One example is Warburtons bakery in the U.K. which sources identity preserved varieties of CWRS wheat from Canadian farmers. As Graf explained, the company tests various lines during their development in Canada and chooses the ones that work best for its specific baking methodology.
In some crops, Prairie farmers are used to picking varieties based on requirements from end users. In the malt industry, for example, a list of recommended varieties guides producers’ choices. I asked Graf if he thought someday farmers would choose which wheat varieties to grow based on a list of recommended varieties for various export markets.
“The current class system and variety designations already acts as a recommending list,” said Graf. He pointed out that the Canadian Grain Commission’s variety designation lists for each class reflect the market signals that are received during the development and registration process; varieties that don’t meet the quality parameters of a given wheat class don’t make it through variety registration.
“People have to remember that not every line entered into the registration system is going to be recommended for registration. You might have a line that’s great from an agronomic standpoint but doesn’t have the appropriate end-use quality, so it’s cut. Canada relies on export markets and so our reputation as a supplier of consistent quality is vital.”
Gary Stanford, one of Porozni’s fellow AWC directors and the president of Grain Growers of Canada, returned from Asia late in 2013 touting the high quality of Canadian milling wheat as our main selling advantage.
“The one thing I heard in all eight countries I went to was that Canada has to keep its quality up,” said Stanford. “I know that a lot of the farmers here who say we don’t get paid for quality but we really do.”

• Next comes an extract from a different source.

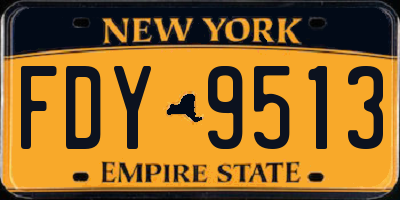 NY license plate FDY9513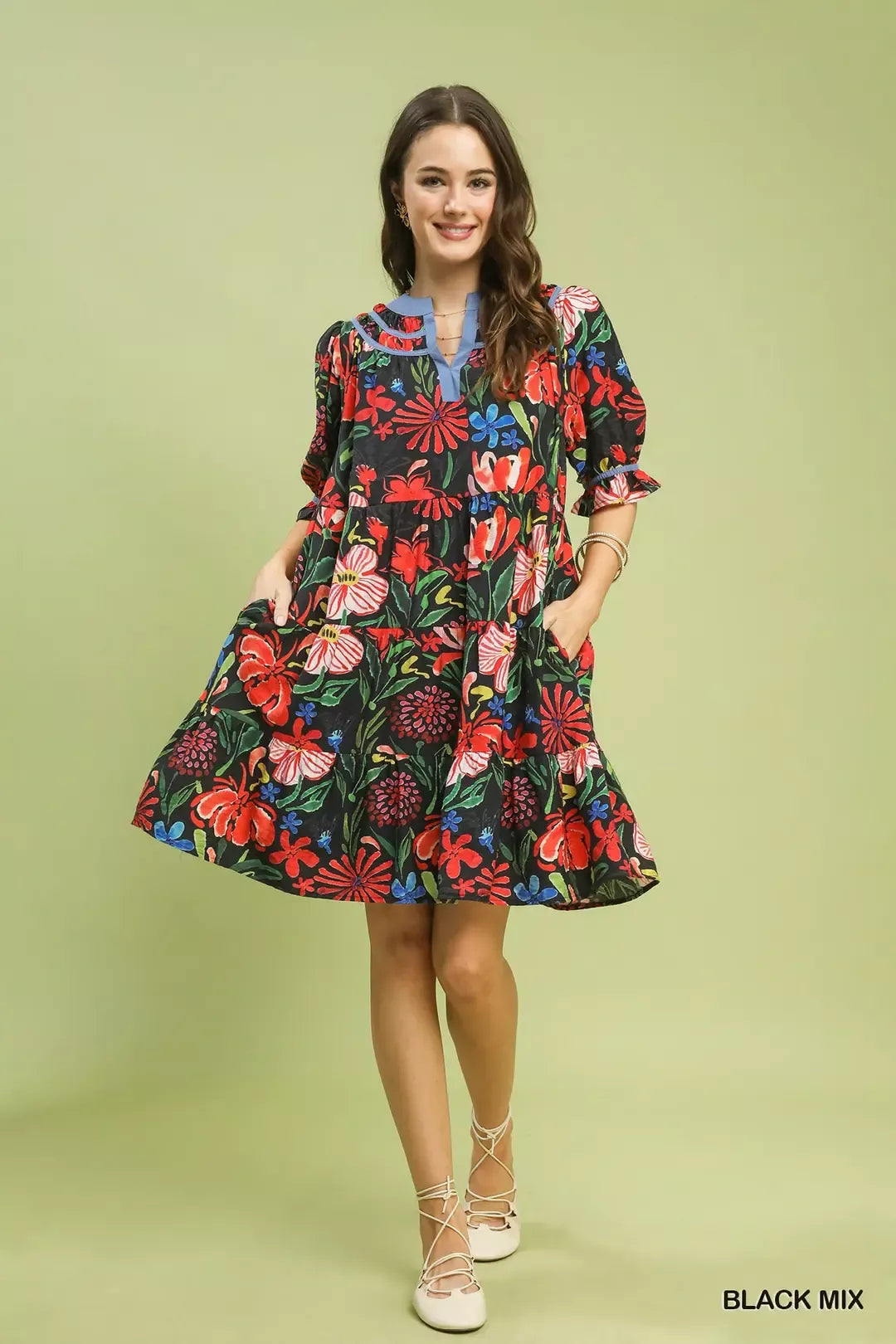 Floral Tiered Puff Sleeve Dress for Women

Stanford said he talked to a miller in Jakata, Indonesia, who said he can get lower quality wheat delivered to his mill for $250 per metric tonne from India, which he blends with higher quality Canadian wheat that costs $350 per metric tonne.
“Part of that is freight,” Stanford said, “but you can see the difference in the price. If our grain was the same quality as India’s grain they would have no reason to buy Canadian grain.” He believes a strong registration system will maintain the highest quality export wheat.
There are many questions being asked about the Canadian wheat variety development system (not least of which is how to pay for the darn thing). Should we have such a strict variety registration process? Should we loosen the quality parameters associated with the various wheat classes? Should we focus on less premium classes than gold standard CWRS? I certainly don’t have all the answers.
I do think there is room in our system to look beyond what varieties yield the best or what are the easiest to grow and find some niche marketing opportunities. That being said, the fairly narrow quality tolerances in our main exporting classes of wheat protect both the farmer — by ensuring that there is a reliable demand from global buyers — and our customers — by ensuring that every load of CWRS, CPS or CWAD will function much like the one before it. But there may be room for a more “enlightened approach,” as Dr. Graf puts it, for commercializing a variety that perhaps doesn’t fit into any of the current classes, but still has market demand. He cautions, however, that starting breeding programs to address those needs must be done with a great deal of forethought.
This is a multi-faceted discussion that involves all levels of the value chain, from farmers to exporters to plant breeders. It’s worth paying attention to these higher-level policy discussions as they may directly impact your variety selection choices in the years and decades to come.